# DATASET SECTION:
###

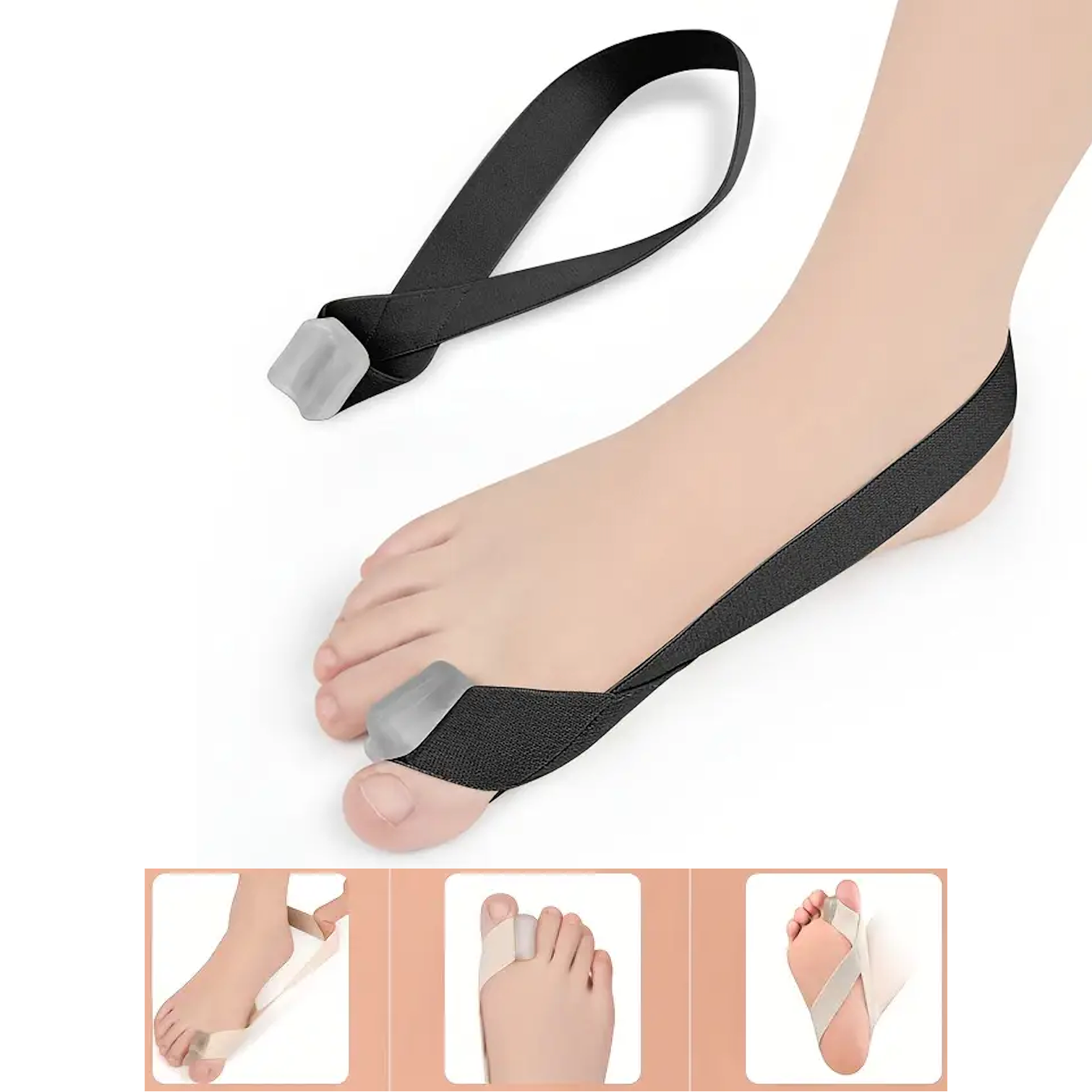 Tåseparator för hallux valgus som visar hur den sitter på foten.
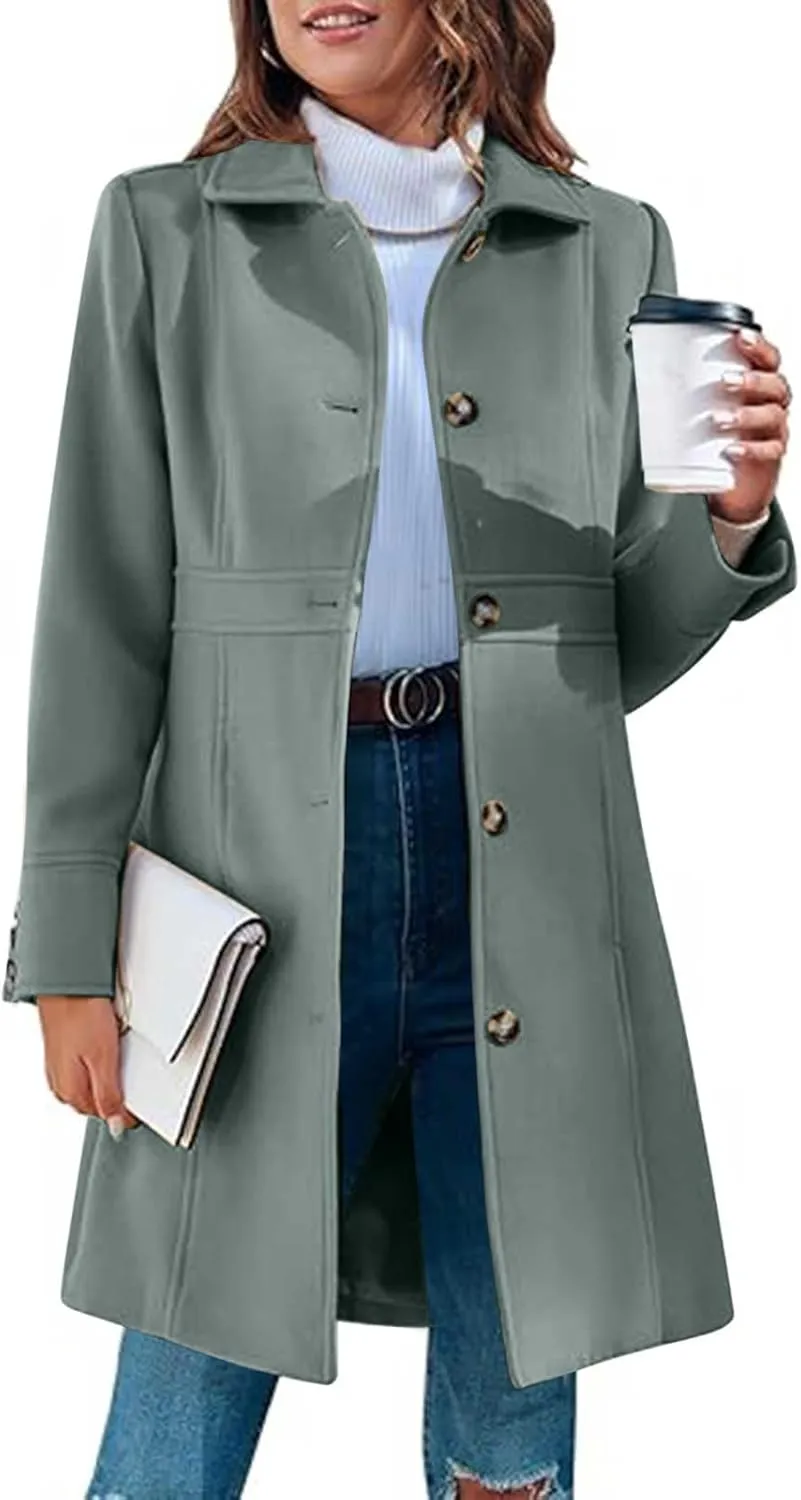 Womens Long Wool Coats Winter Dressy Single Breasted Blend Trench Coat Jacket Fall Winter Solid Color Casual Peacoat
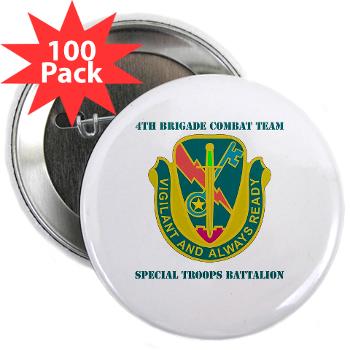 1CAV4BCTSTB - M01 - 01 - DUI - 4th BCT - Special Troops Bn with Text - 2.25" Button (100 pack) - Click Image to Close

###

# ASSIGNMENT:
Word for word, retype all of the data above, but include no pictures.

# RESPONSE AREA:
 Tåseparator för hallux valgus som visar hur den sitter på foten.
 Womens Long Wool Coats Winter Dressy Single Breasted Blend Trench Coat Jacket Fall Winter Solid Color Casual Peacoat
 1CAV4BCTSTB - M01 - 01 - DUI - 4th BCT - Special Troops Bn with Text - 2.25" Button (100 pack) - Click Image to Close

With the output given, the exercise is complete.